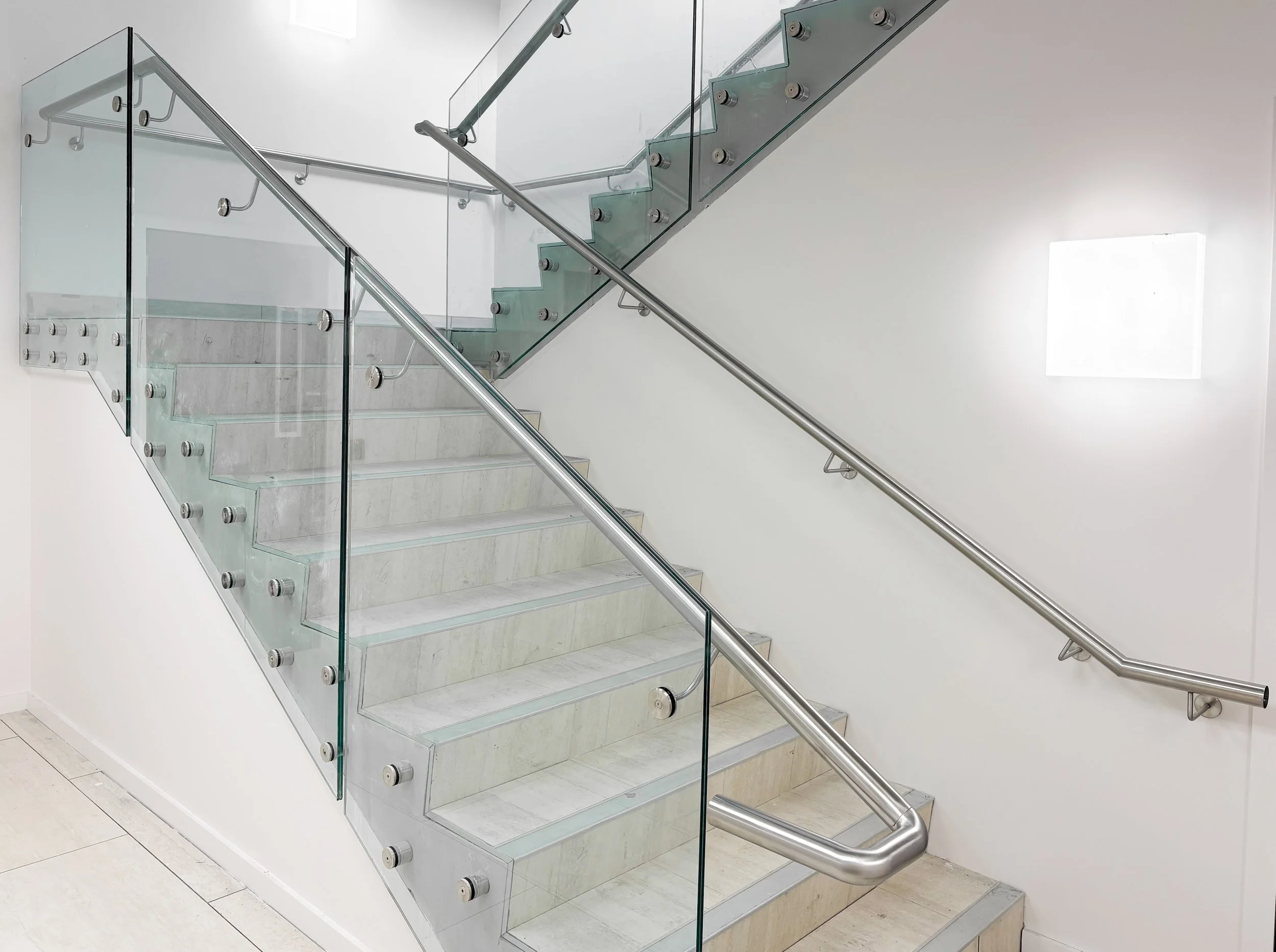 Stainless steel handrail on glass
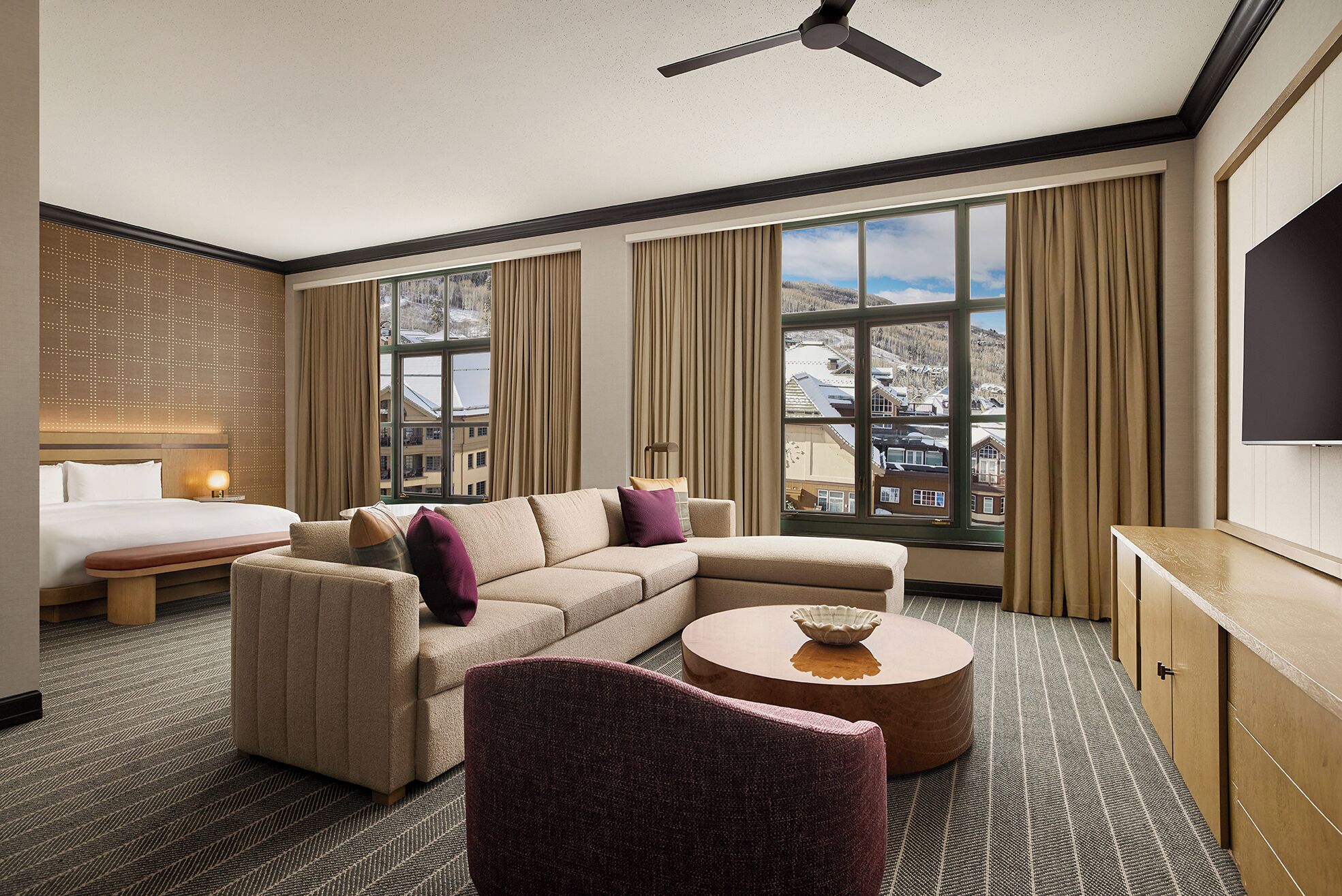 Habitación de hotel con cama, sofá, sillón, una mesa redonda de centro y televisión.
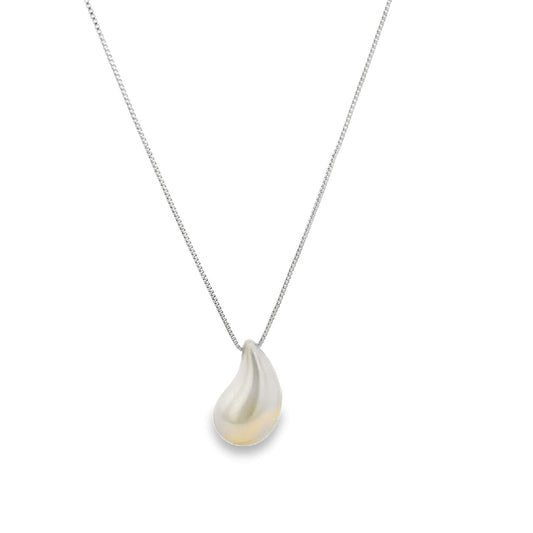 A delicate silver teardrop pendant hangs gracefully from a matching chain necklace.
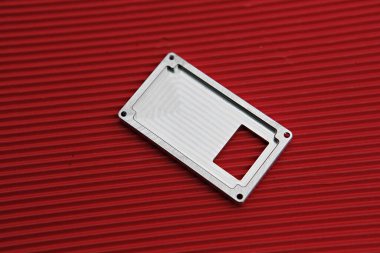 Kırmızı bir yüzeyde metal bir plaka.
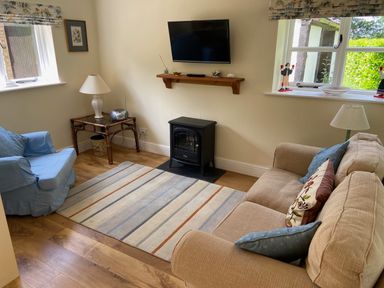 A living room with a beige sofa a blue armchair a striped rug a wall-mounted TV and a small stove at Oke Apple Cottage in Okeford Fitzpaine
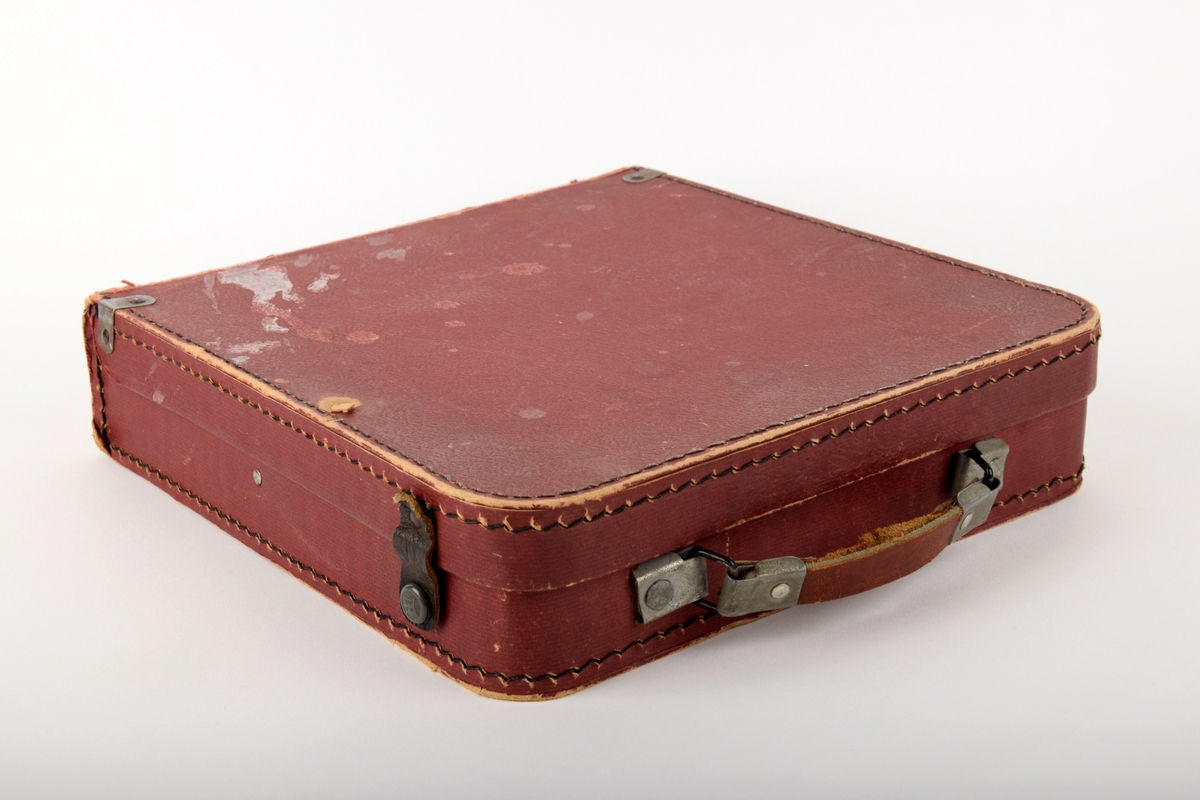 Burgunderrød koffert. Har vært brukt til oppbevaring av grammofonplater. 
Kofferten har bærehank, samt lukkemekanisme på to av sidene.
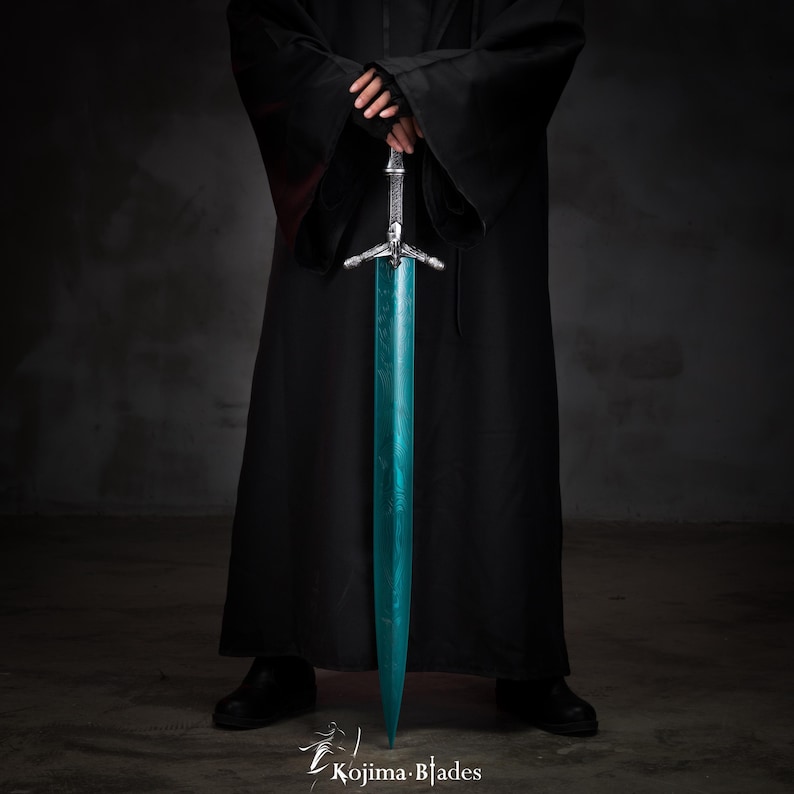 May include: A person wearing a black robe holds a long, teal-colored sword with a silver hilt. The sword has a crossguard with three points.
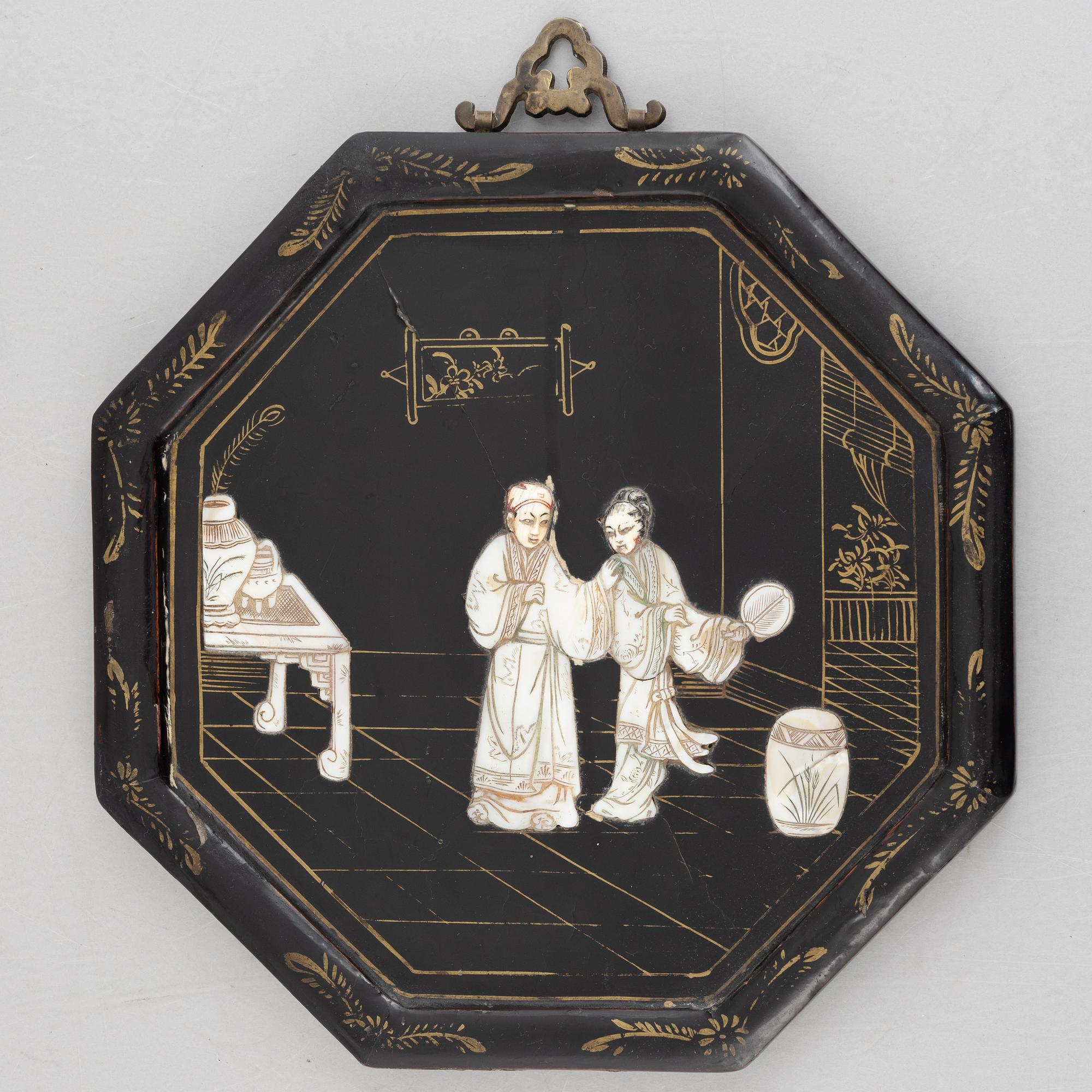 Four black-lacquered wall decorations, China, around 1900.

■ Task statement ■
Pictures are to be left out; the records above must be repeated word for word.

■ Output ■
 Stainless steel handrail on glass
 Habitación de hotel con cama, sofá, sillón, una mesa redonda de centro y televisión.
 A delicate silver teardrop pendant hangs gracefully from a matching chain necklace.
 Kırmızı bir yüzeyde metal bir plaka.
 A living room with a beige sofa a blue armchair a striped rug a wall-mounted TV and a small stove at Oke Apple Cottage in Okeford Fitzpaine
 Burgunderrød koffert. Har vært brukt til oppbevaring av grammofonplater. 
Kofferten har bærehank, samt lukkemekanisme på to av sidene.
 May include: A person wearing a black robe holds a long, teal-colored sword with a silver hilt. The sword has a crossguard with three points.
 Four black-lacquered wall decorations, China, around 1900.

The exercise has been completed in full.